Rats. Male Lister hooded rats (Harlan Sera-Lab, Crawley Down, Sussex, UK) (300 g at the start of the study) were housed two per cage and maintained in a humidity- (50-55%) and temperature- (22-24°C) controlled facility on a 12-h light/dark cycle (lights on at 6:30 AM). Food was restricted to that earned during the test [maximum of 100 × 45 mg Formula 1 pellets (P. J. Noyes Co. Inc., Lancaster, NH)] and 12 g of standard rodent chow (Harlan-Teklad 4% rat diet 7001), which was given a minimum of 1 h post-testing. This food restriction regimen maintained their body weight at an average of 350 g (i.e., 80% of normal body weight). Except for during testing, water was available ad libitum. All testing was conducted during the light cycle. Only rats that have reached consistent baseline performance (see below) before and between testing were used. All procedures were performed in accordance with the National Institutes of Health Guide for the Care and Use of Laboratory Animals and were approved by the Institutional Animal Care and Use Committee.

Monkeys. Five adult pigtail macaques (Macaca nemestrina, one female and four male), originally colony-reared at the Washington Regional Primate Center (Seattle, WA), served as subjects. The gender, weight, age, and testing parameters (delays) used for the behavioral tests appear in Table 1. The subjects were individually housed at the Animal Behavior Center of the Medical College of Georgia in stainless steel cages composed of multiple 50- × 28- × 26-in. units. Toys and foraging tubes were provided routinely and monkeys were allowed to observe television programs each afternoon after testing to promote psychological well-being. During a test week, monkeys were maintained on a feeding schedule that allowed approximately 15% of their normal daily food intake to be derived from banana-flavored reinforcement pellets awarded for correct responses during testing. Testing was conducted 5 days/week. Standard laboratory monkey chow, fresh fruits, and vegetables comprised the remainder of their daily food intake, which was given after completion of testing each day. Water was available ad libitum. All procedures used during this study were reviewed and approved by the Medical College of Georgia Institutional Animal Care and Use Committee and are consistent with Association for Assessment and Accreditation of Laboratory Animal Care guidelines.

Behavioral Procedures

Choice Serial Reaction Time Task Procedure in Rats. Apparatus. The SRTT was performed in automated nine-hole operant chambers (Paul Fray Ltd., Cambridge, UK) housed in sound-insulated and ventilated enclosures. In brief, each SRTT apparatus contained a food magazine on one wall, and on the opposite wall five square niches (i.e., nose-poke holes) (2.5-cm-wide square, 4 cm in depth) arranged on a curved panel and raised 2 cm above a grid the floor. All apertures in the chamber, including the food magazine, were controlled by a photocell monitoring the entrance. Each hole could be illuminated by a 2.8-W lamp located at the rear of the hole. Each animal had to poke its nose in one of the holes when it was illuminated then turn around and go to the food magazine to collect a food pellet as a reward. The rat collected the food pellets by pushing a Perspex panel that covered the food magazine.

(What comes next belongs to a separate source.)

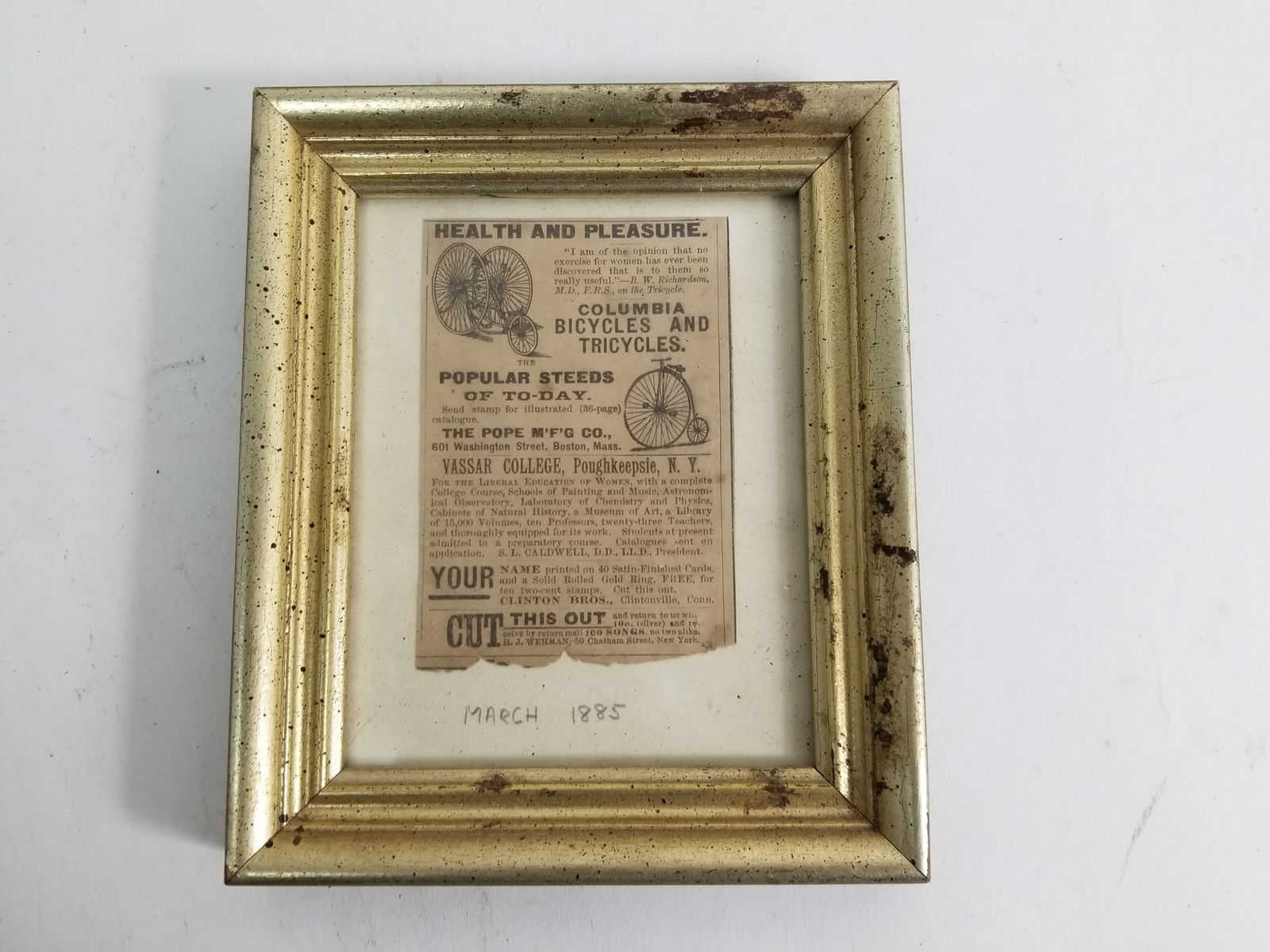 19th c. Antique Early "Sylph Rouse Hazard Peoria Ill. U.S.A." Bike Badge Plate - 2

Training and testing procedures. The training procedure was as reported by Muir et al. (1995). In brief, during each session, the rat was trained to push the food magazine to initiate a trial. Five seconds later, one of the five nose-poke apertures was lit for 0.5 s. The rat was then trained to quickly respond with a nose poke in the hole in which the stimuli was just presented (correct response). The stimuli were presented across the five possible nose-poke apertures in a pseudorandom order. Each correct response was rewarded with a food pellet, and each failure to respond (omissions, longer than 5-s poststimuli presentation) or incorrect response (response in aperture that was not lit by light stimulus) was punished with a 10-s time-out with no access to a food pellet.

Standard DMTS Procedure in Monkeys. The monkey's home cage was equipped with testing panels for the DMTS procedure (Terry et al., 1993). Stimuli on the test panels were three 2.54-cm-diameter colored disks (red, yellow, or green) presented by light-emitting diodes located behind clear plastic push keys. A trial began with the illumination of one of the push keys (the sample key) by one of the colored disks. A key press extinguished the sample light and initiated one of four preprogrammed delay intervals, during which no disks were illuminated. After the delay interval, two choice lights located below the sample key were illuminated. One of the choice lights matched the hue of the sample light. These disks remained illuminated until a monkey pressed one of the two lit keys. Key presses of choice stimuli that matched the hue of the sample stimulus were rewarded with a 300-mg banana-flavored pellet. Nonmatching choices were neither rewarded nor punished. Matching configurations were fully counterbalanced for side, delay, and hue. A new trial was initiated 5 s after the second key press on a preceding trial. Monkeys completed 96 trials on each day of testing. The lack of a response by a monkey for 700 s resulted in the preprogrammed cessation of the session.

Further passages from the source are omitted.